Setiap tahun umat Islam memperingati peristiwa Nabi Muhammad saw diperjalankan Allah swt dari masjidil haram di Makkah ke Masjidil Aqsa di Palestina, kemudian dari Al Aqsa menuju sidratul muntaha di langit ketujuh. Peristiwa Isra' Mi'raj pada malam 27 Rajab itu tahun ini jatuh pada 27 Januari 2025.
Peristiwa yang diabadikan dalam Al-Qur'an ini mengajarkan bagaimana seorang hamba bisa mendekatkan diri kepada Allah.
Menurut Buya Rusfi, pengasuh Pondok Pesantren Arafah di Lampung Selatan, peristiwa Isra' Mi'raj tidak sekadar kisah perjalanan Nabi Muhammad SAW, tetapi juga pola dasar bagi setiap hamba yang ingin kembali kepada Allah. Bahkan, alur peristiwa ini teraplikasikan dalam sebuah amalan utama: shalat.

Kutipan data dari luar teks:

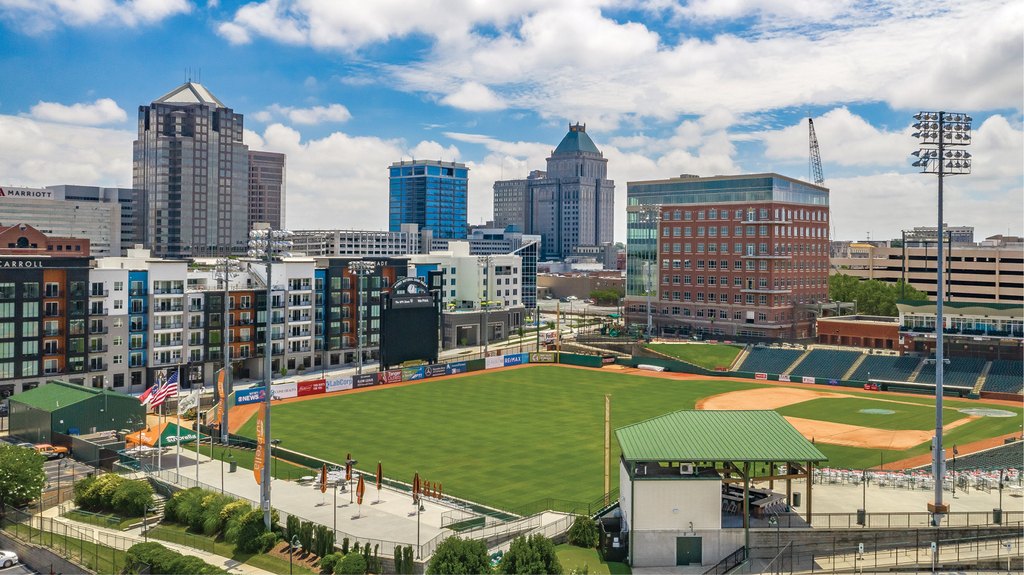 The Greensboro Grasshoppers play at First National Bank Field in the heart of the city.
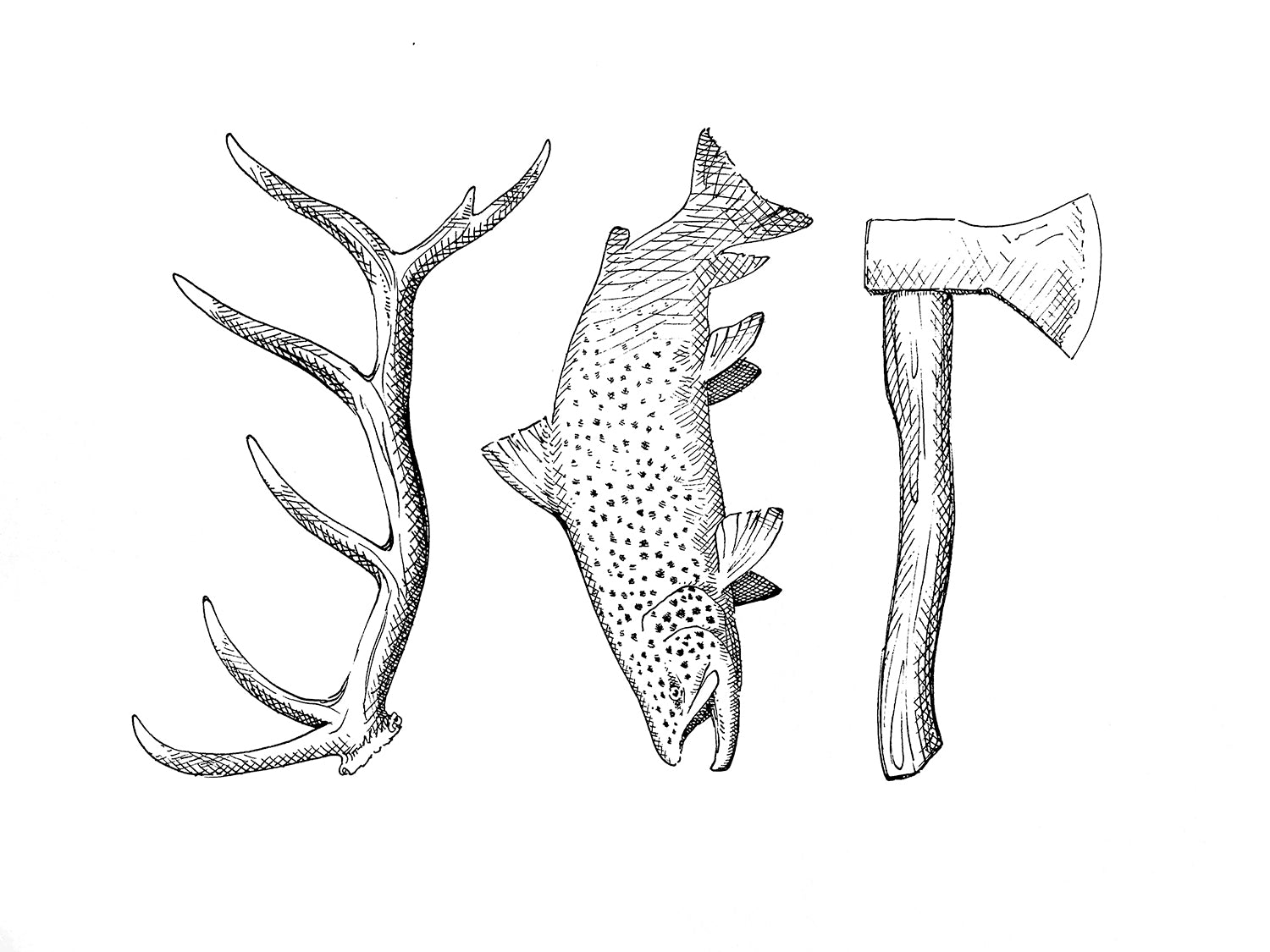 A pen and ink drawing of an elk antler, a trout and a hatchet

Shalat, Isra' Mi'raj dalam Kehidupan Sehari-hari
Buya Rusfi menyampaikan bahwa Isra' Mi'raj dan shalat memiliki tujuan yang sama, yaitu menghadap Allah. Dalam Isra' Mi'raj, Nabi Muhammad dibimbing oleh malaikat Jibril, sedangkan dalam shalat, kita dibimbing oleh hati dan akal untuk mendekatkan diri kepada-Nya.
Shalat bukan sekadar gerakan fisik, melainkan perjalanan spiritual, di mana tubuh dan ruh bersatu untuk mencapai ridha Allah.
"Secara syariat, tubuh kita yang melakukan shalat, tapi secara hakikat, ruh kita yang benar-benar menghadap Allah," jelas Buya Rusfi.
Tubuh menghadap Allah melalui rangkaian syariat seperti wudhu, menghadap kiblat, takbiratul ihram, membaca Al-Fatihah, ruku', i'tidal, dan sujud. Namun, ruh menghadap Allah dengan perjalanan mi'raj, yakni upaya batiniah mendekatkan diri kepada-Nya. Inilah yang dimaksud dengan ashalatul mi'rajul mukminin---shalat adalah perjalanan mi'raj seorang mukmin.
Ruh Sebagai Cerminan Allah
Makna mendalam lainnya, menurut Buya Rusfi, terletak pada pengertian "mukmin." Mukmin bukan sekadar orang yang beriman, tetapi ruh seorang mukmin adalah cerminan dari salah satu nama Allah, yaitu Al-Mukmin. Dengan kata lain, ruh manusia adalah bayangan dari sifat-sifat Allah.
Ketika seorang mukmin benar-benar menyadari bahwa dirinya hanya cerminan, ia akan naik dari tingkat mudas (yang di bawah) ke khadim (yang di atas). Jika seseorang masih merasa "aku" yang shalat, berarti ia belum sampai pada hakikat mi'raj dalam shalat. "Secara hakikat, shalat itu tidak sah jika kita masih merasa kita yang shalat," ujar Buya Rusfi dengan tegas.